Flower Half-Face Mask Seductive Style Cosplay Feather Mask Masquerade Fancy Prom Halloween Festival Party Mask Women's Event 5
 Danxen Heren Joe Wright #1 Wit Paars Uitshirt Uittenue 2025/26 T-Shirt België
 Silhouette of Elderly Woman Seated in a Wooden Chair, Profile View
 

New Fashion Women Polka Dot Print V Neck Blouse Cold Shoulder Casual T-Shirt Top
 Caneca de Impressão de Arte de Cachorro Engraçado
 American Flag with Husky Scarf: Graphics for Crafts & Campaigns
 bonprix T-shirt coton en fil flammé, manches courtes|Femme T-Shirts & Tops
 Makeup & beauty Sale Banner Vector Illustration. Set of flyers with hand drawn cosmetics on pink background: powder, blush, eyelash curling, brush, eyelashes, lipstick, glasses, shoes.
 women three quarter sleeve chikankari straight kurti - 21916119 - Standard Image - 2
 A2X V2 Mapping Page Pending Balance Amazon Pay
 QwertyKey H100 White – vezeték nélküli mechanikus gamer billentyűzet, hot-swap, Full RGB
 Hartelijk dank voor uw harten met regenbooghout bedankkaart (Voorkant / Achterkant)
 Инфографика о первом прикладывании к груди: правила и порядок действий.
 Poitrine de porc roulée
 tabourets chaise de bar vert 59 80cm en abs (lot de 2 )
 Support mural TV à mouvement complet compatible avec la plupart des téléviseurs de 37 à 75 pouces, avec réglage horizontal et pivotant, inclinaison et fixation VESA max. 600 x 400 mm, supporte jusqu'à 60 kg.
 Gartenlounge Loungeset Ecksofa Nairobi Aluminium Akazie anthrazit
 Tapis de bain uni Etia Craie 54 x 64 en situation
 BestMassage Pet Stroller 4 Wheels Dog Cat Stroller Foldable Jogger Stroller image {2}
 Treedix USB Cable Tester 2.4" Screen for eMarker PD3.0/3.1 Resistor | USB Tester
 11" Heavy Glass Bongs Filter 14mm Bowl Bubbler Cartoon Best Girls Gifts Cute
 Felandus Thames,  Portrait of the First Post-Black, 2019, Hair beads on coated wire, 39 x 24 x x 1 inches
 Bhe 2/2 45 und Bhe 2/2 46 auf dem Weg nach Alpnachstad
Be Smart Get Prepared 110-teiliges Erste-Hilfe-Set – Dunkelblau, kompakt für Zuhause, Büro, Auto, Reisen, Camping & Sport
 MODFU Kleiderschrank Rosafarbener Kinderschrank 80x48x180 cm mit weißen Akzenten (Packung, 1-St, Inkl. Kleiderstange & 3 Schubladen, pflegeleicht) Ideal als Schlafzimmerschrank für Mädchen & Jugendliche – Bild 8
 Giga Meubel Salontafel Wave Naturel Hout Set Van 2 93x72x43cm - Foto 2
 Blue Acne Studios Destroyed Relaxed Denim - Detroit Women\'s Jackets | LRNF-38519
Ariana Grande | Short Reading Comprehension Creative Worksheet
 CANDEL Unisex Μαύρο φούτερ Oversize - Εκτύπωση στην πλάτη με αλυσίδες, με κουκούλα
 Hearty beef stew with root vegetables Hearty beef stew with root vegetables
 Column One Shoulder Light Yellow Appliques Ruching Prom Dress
━━━
** Task goal **
From the entries above, return exactly the line containing "Инфографика о первом", the line containing "Tapis de bain", and all lines between, and nothing else.

** Solution for this problem **
 Инфографика о первом прикладывании к груди: правила и порядок действий.
 Poitrine de porc roulée
 tabourets chaise de bar vert 59 80cm en abs (lot de 2 )
 Support mural TV à mouvement complet compatible avec la plupart des téléviseurs de 37 à 75 pouces, avec réglage horizontal et pivotant, inclinaison et fixation VESA max. 600 x 400 mm, supporte jusqu'à 60 kg.
 Gartenlounge Loungeset Ecksofa Nairobi Aluminium Akazie anthrazit
 Tapis de bain uni Etia Craie 54 x 64 en situation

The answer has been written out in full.